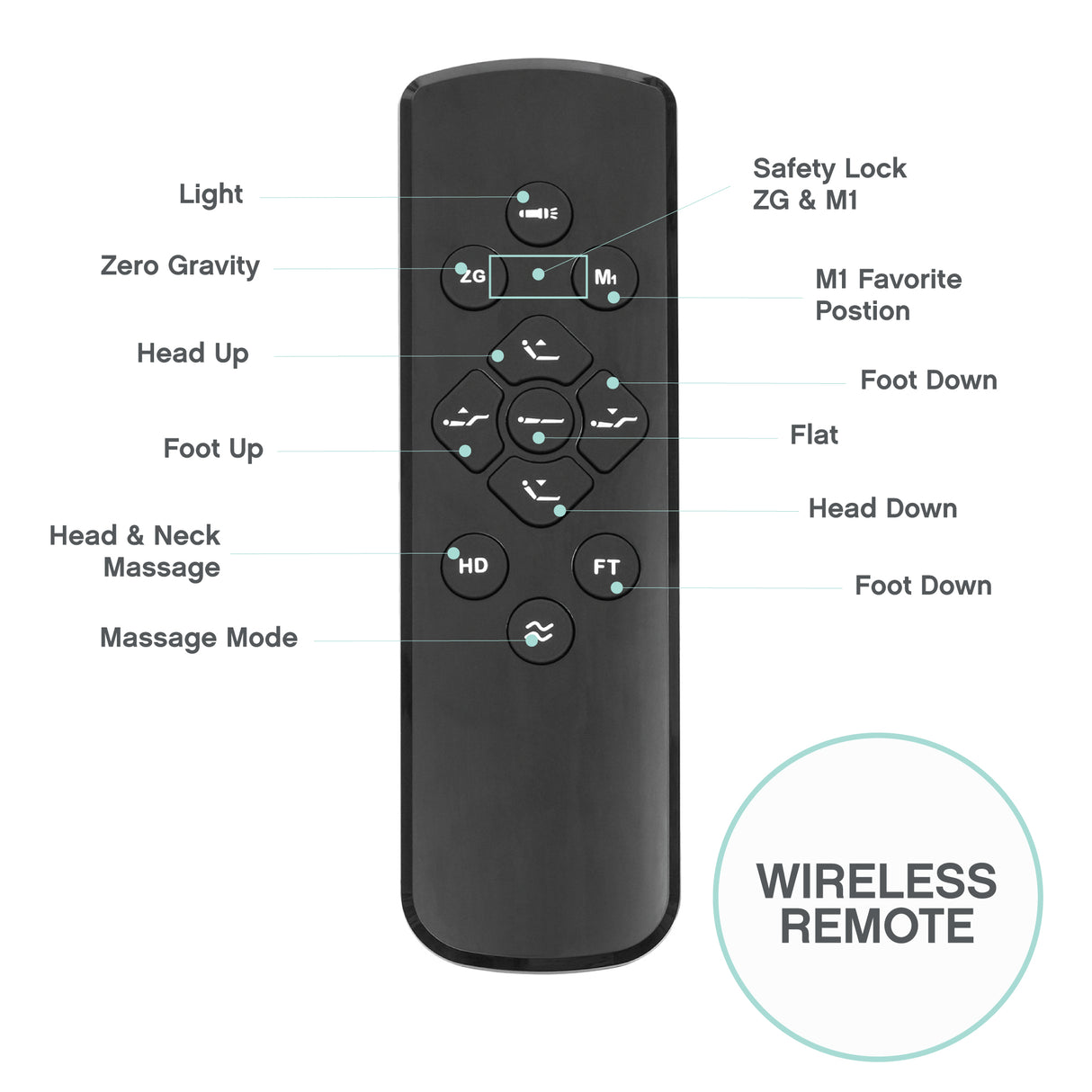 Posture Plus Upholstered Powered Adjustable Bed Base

---

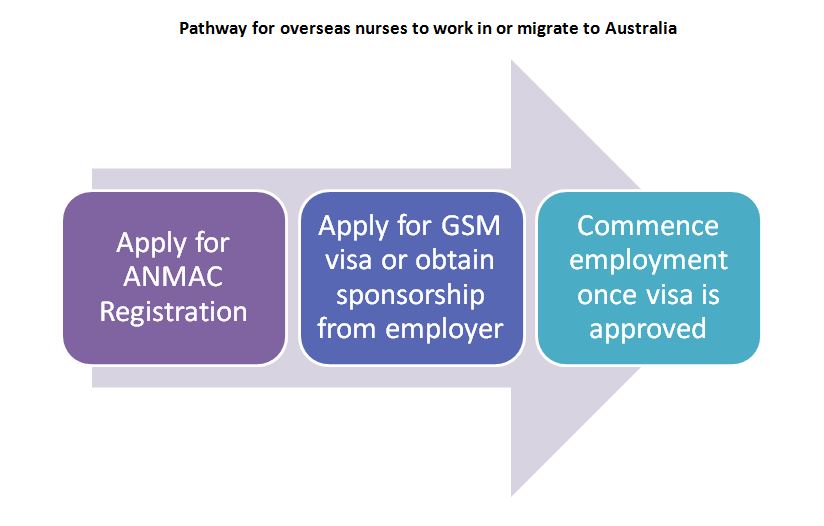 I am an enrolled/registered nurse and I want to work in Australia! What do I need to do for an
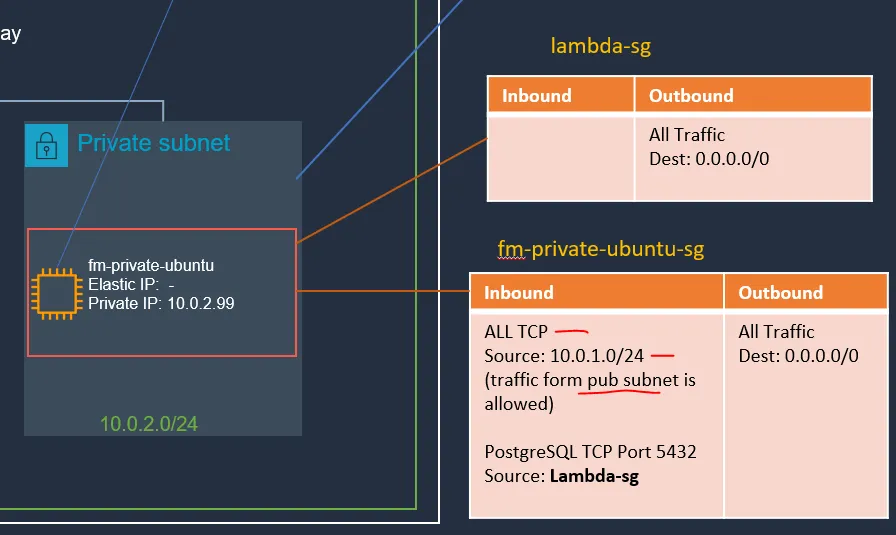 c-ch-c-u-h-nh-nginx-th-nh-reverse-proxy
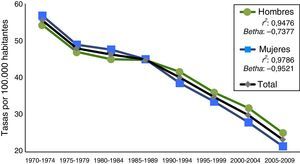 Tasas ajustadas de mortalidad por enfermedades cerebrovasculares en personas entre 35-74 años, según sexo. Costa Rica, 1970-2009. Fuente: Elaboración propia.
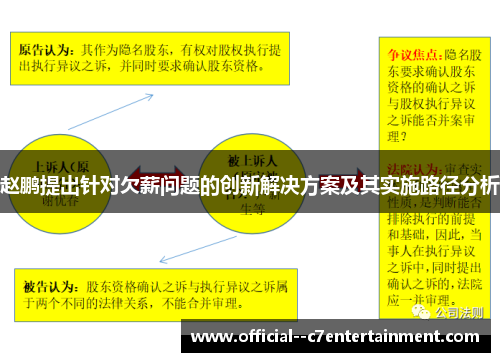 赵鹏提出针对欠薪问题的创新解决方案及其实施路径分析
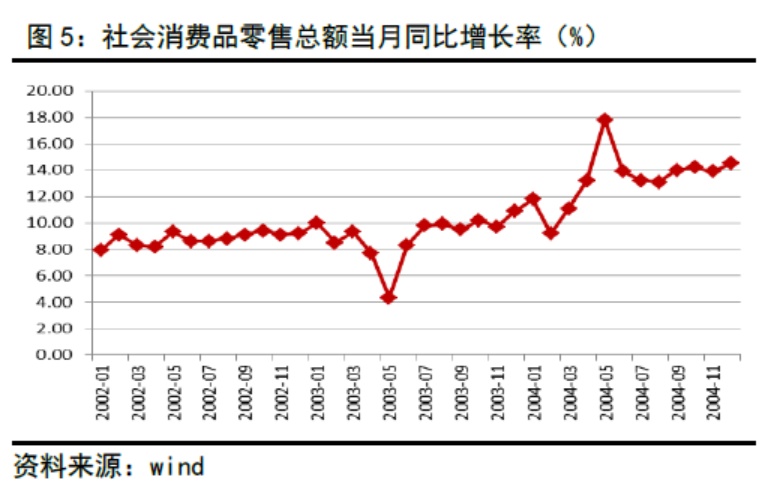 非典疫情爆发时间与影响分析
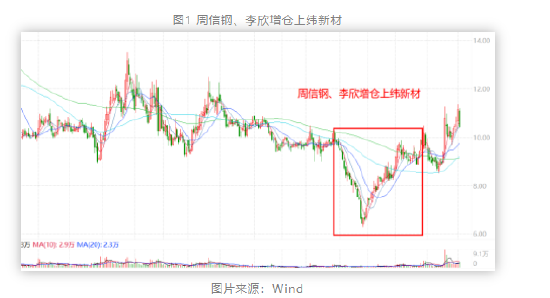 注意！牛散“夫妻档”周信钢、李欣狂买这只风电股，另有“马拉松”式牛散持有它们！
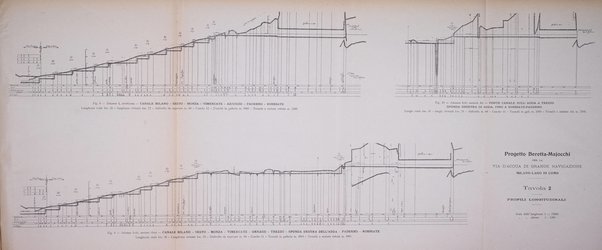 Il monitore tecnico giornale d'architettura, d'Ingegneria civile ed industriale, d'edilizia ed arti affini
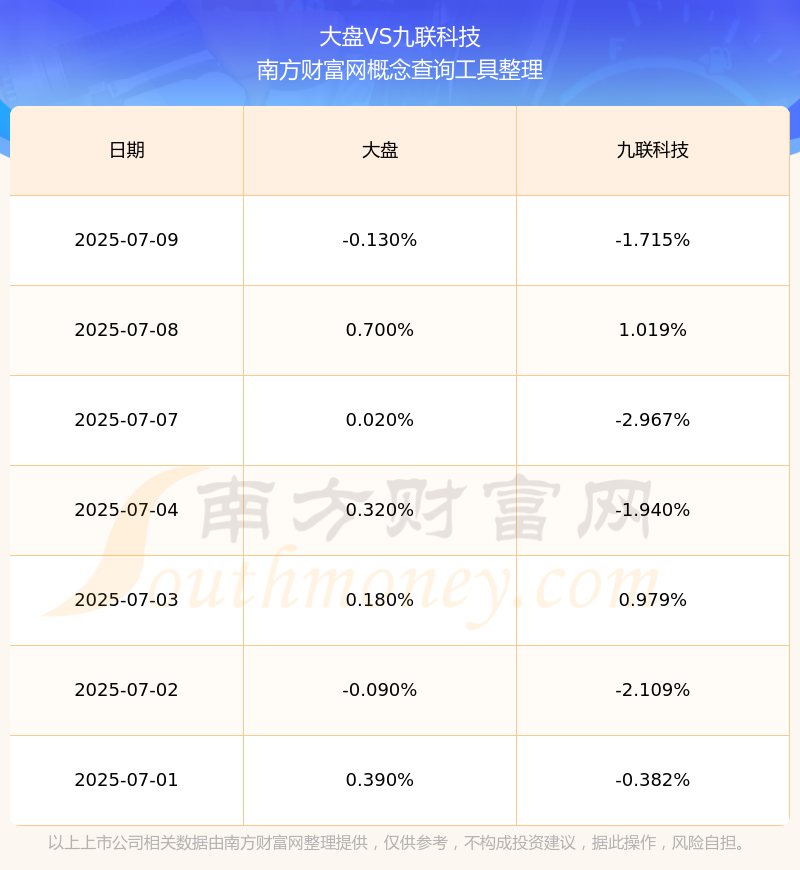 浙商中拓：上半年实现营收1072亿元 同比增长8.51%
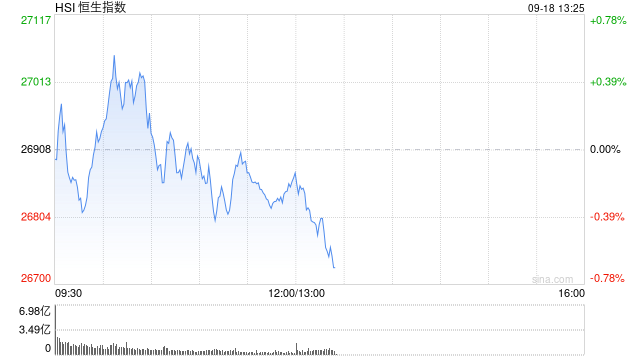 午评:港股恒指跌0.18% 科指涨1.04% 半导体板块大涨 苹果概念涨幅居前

--- Problem description ---
Would you write out exactly the lines above, starting at the line containing "赵鹏提出针对欠薪问题的创新解决方案及其实施路径分析" and stopping after the line containing "午评:港股恒指跌0.18% 科指涨1.04% 半导体板块大涨 苹果概念涨幅居前"? Omit the pictures.

--- Task result ---
 赵鹏提出针对欠薪问题的创新解决方案及其实施路径分析
 非典疫情爆发时间与影响分析
 注意！牛散“夫妻档”周信钢、李欣狂买这只风电股，另有“马拉松”式牛散持有它们！
 Il monitore tecnico giornale d'architettura, d'Ingegneria civile ed industriale, d'edilizia ed arti affini
 浙商中拓：上半年实现营收1072亿元 同比增长8.51%
 午评:港股恒指跌0.18% 科指涨1.04% 半导体板块大涨 苹果概念涨幅居前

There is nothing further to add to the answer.